Let’s go on to a different question. This is from Nick Laskowski, who’s an 8th-grade social studies and language arts teacher at a middle school in San Jose, Calif. Nick writes, “So much of teaching history, especially to children, depends upon telling compelling stories. Do you think that we need a master narrative to tie together the many fascinating episodes of people’s history? And if so, what would that master story or big picture sound like?”

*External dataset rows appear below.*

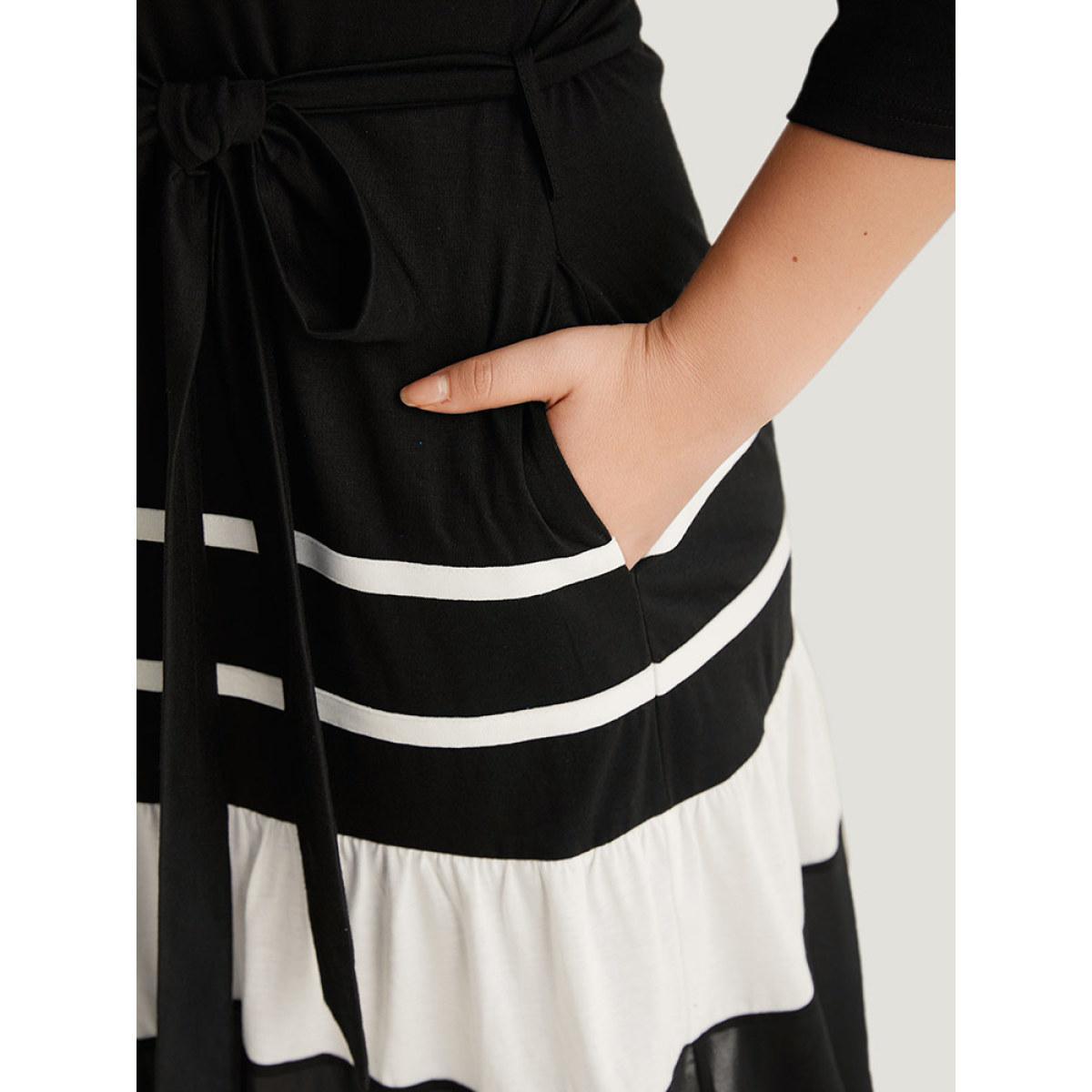 Plus Size Colorblock Contrast Belted Ruffle Layered Hem Dress Black Women Casual See through Round Neck Elbow-length sleeve Curvy Midi Dress BloomChic 26/4X Product Image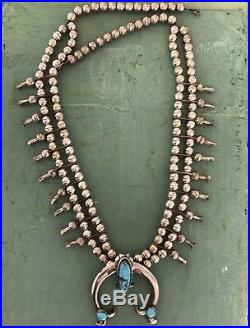 Navajo Native American Indian Sterling Silver Turquoise Squash Blossom Necklace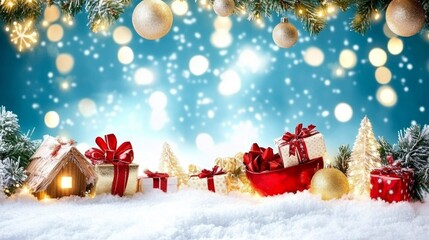 Obraz premium Decorated sleigh with gifts in a snowy landscape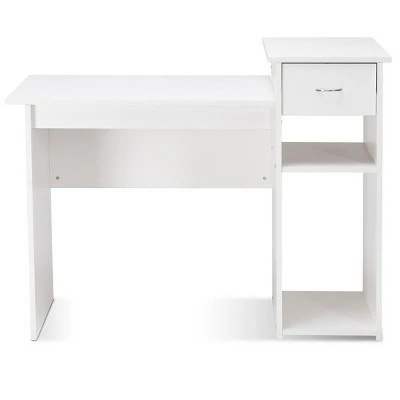 Costway Computer Desk PC Laptop Table w/ Drawer and Shelf Home Office Furniture White 7 Costway Computer Desk PC Laptop Table w/ Drawer and Shelf Home Office Furniture White - Image 5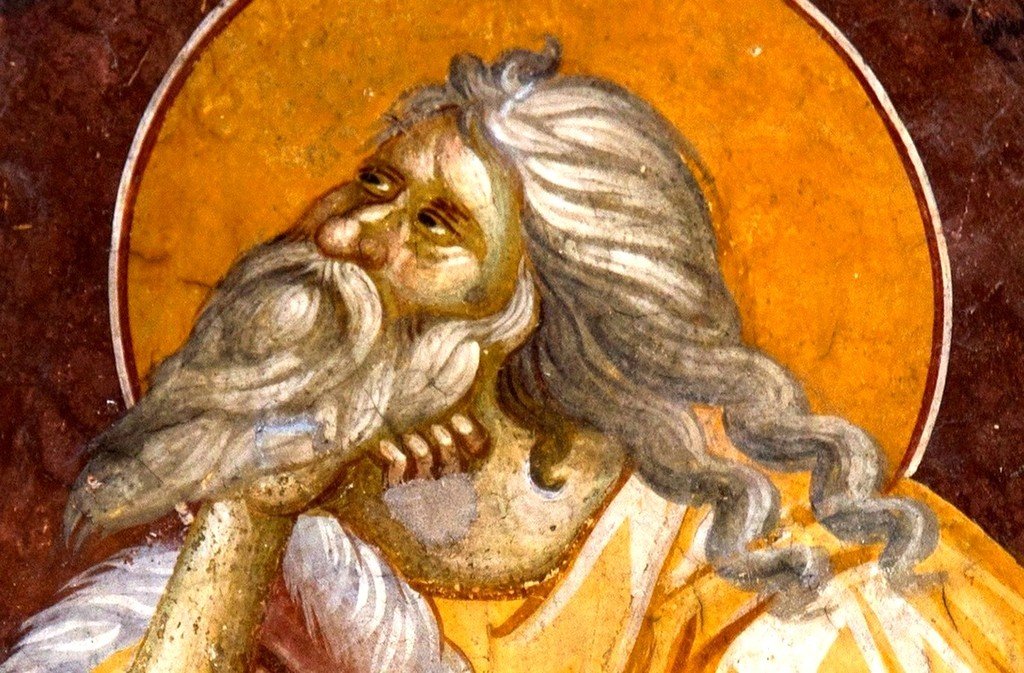 Святой Пророк Божий Илия в пустыне. Фреска монастыря Грачаница, Косово, Сербия. Около 1320 г.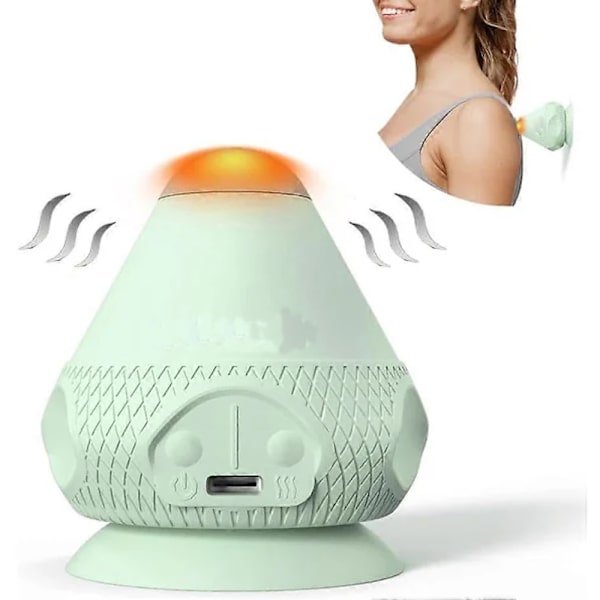 Handsfree Vibrerande Massageboll, Värme Trigger Point Boll, Djupvävnadsmassage för Ryggmuskler, Lindring av Ömhet, Återhämtningsmassage (Grön)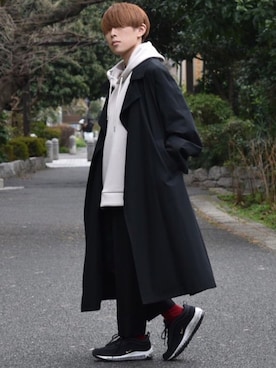 「BEAMS（ビームス）のアイテム（トレンチコート）」を使った、梅雨さん（メンズ・158cm）の春コーディネート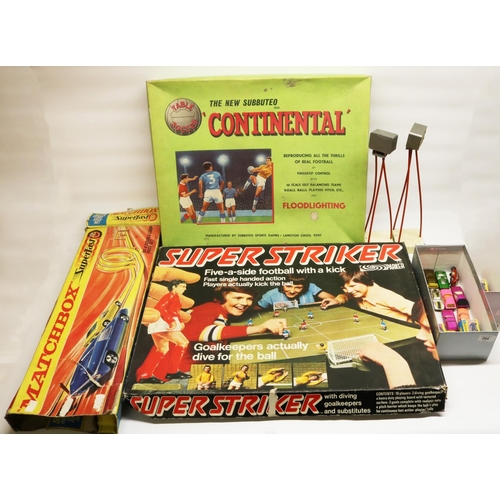 294 - Matchbox Superfast SF-4 Double Loop Race Set and related vehicles, Parker Superstriker game, and a S...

Zinn: That’s a very interesting proposal, commentary, suggestion. I would propose as a master narrative the continual struggle of people for justice, the continual struggle of people for equal rights, because I think this is a theme that runs all through history: the people struggling for a better world. I think all of the information that you can put together in history can fit into that master narrative. You can see the history of the United States as one long struggle for justice by the majority of the American people against a small elite of slave owners, of bondholders, of rich people who have so far dominated our political system and who so far have monopolized the wealth of this country. One long struggle of people for their rights.
Bigelow: Let’s end with a question from Nick Schueller. Nick is working on his master’s in education at the University of Wisconsin-La Crosse and will be student teaching soon. Nick wants to know what your advice would be for a future history teacher.
Zinn: My advice for a future history teacher is, “Don’t obey the rules.” Don’t be intimidated by what they say you must teach. I realize that there’s a practical problem that you don’t want to get fired tomorrow; there’s a practical problem in dealing with the chairman of the department or the principal, the school superintendent or the school committee—these are practical problems. But you must not be so intimidated that you will just follow scrupulously: “Oh, you must use this book.” “You must follow this curriculum.” You have to play a kind of guerilla warfare with the establishment in which you try not to be fired.
Bigelow: This is from the man who was fired.
Zinn: Yes. If you don’t take any risks, you’re not doing the right thing. You have to take risks. You have to be independent-minded. You have to give your students reading materials that they would not ordinarily get. You have to depart from the text. You have to depart from the curriculum. Maybe do enough with the regular text, enough with the curriculum to show that, OK, I’m not ignoring it completely, but no, I’m going to take my students along an independent path.
Think independently, think outside the lines that are set for us by the school administration or the politicians. That’s the most important advice I can give to a young teacher about independence and courage and risk.